The Canadian Press has been fined $4,000 for contempt of court for breaching a publication ban imposed at a British Columbia murder trial last year. The wire service circulated a report that used the first name of an undercover RCMP officer whose identity was protected under a court-ordered ban. The CP reporter covering the case was aware of the ban but assumed the name used to identify the officer in court was a pseudonym; it turned out to be the officer's real name. The ruling will be of particular interest to online journalists, as the report appeared on only a handful of websites before CP realized its mistake, killed the story and apologized to the court. Read the Vancouver Sun report. Read the ruling.
As the Supreme Court of Canada prepares for this fall's review of the publication ban on bail hearings, Law Times columnist Alan Shanoff argues the public is entitled to more information about why offenders are released or held pending trial. The justice system, he argues in a June 8 column, has nothing to fear from improved publicity.
Read the Canadian Press and Associated Press reports.
Toronto (April 1, 2009) – The Ontario government has reversed a controversial policy that blocked access to court files in cases subject to a publication ban. Journalists objected to the policy for years, arguing it made it difficult to fully and accurately cover criminal cases. In announcing the change, Attorney General Chris Bentley said openness strengthens the justice system and "it's in the interests of everybody in the province of Ontario" to have "as much in the way of access to information as possible." Media lawyers say the move is overdue and brings Ontario in line with practices in other provinces, which recognize that journalists can review a court file even if certain information is banned from publication.
Read the Toronto Star and Globe and Mail reports, and the commentary "Rolling back secrecy on court files," published in the Toronto Star.
Review the revised Section 2.2.6 of Ontario's Policies and Procedures on Public Access to Court Files, Documents and Exhibits.
Ontario's highest court has narrowly upheld the sweeping ban on publishing any information presented at a bail hearing, except in youth court cases and for minor offences not heard by a jury.
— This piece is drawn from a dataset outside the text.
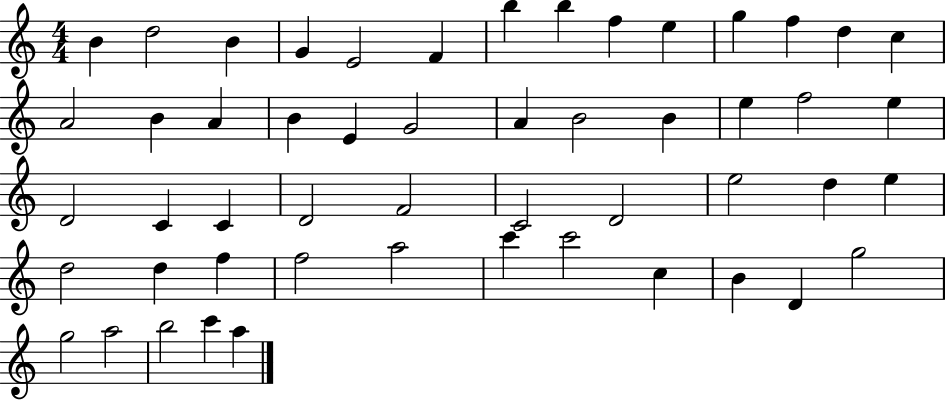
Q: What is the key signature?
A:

Three of five members of the Ontario Court of Appeal say the ban ensures defendants receive a fair trial, but two dissenting judges called the Criminal Code provision "a dramatic curb on freedom of expression" that prevents informed public debate about why bail has been granted or refused. Media organizations challenged the ban when it was imposed on bail hearings for 18 Brampton-area men charged in an alleged terrorist conspiracy in 2006. One media lawyer says limiting the ban to jury cases is "a positive step towards openness" but the issue may be headed to the Supreme Court of Canada for a final ruling.
Read the Associated Press and The Globe and Mail reports on the ruling.
Read the ruling.
Read the Globe's editorial calling on Parliament to amend the ban.
An appeal of an Alberta ruling upholding the bail hearing ban is headed to the Supreme Court of Canada.
Prime Minister Stephen Harper campaigned on a promise to lift the publication ban on the identities of young people convicted of serious violent offences. Under the Youth Criminal Justice Act as it now stands, judges consider the impact on society and on the youth before deciding whether the media can name such offenders. In a September 2008 editiorial the Ottawa Citizen calls on the Conservative government to show the policy change is justified.
Alberta's Court of Appeal has overturned a ruling that would have ended the practice of banning publication of evidence heard at bail hearings at the request of a defendant. A lower court said the mandatory ban, which applies even when there will be no jury trial, violated the Charter's guarantee of press freedom and judges should decide whether a ban is needed to ensure a fair trial. While the appeal court agreed s. 517 of the Criminal Code infringes on press freedom, it concluded the restriction is justified to prevent the publication of information that could a prejudice a defendant's case. The CBC and the Edmonton Sun have applied for leave to appeal the decision to the Supreme Court of Canada.
Read the Court of Appeal's September 3, 2008 ruling.
The Supreme Court of Canada has described open courts as a "core value" as central to the justice system as the presumption of innocence. Yet at the trial court level in Ontario, the Ministry of the Attorney General has imposed access restrictions that arguably have made the province's court system the least open in the country. Shannon Kari reports in the June 30, 2008 edition of the Law Times.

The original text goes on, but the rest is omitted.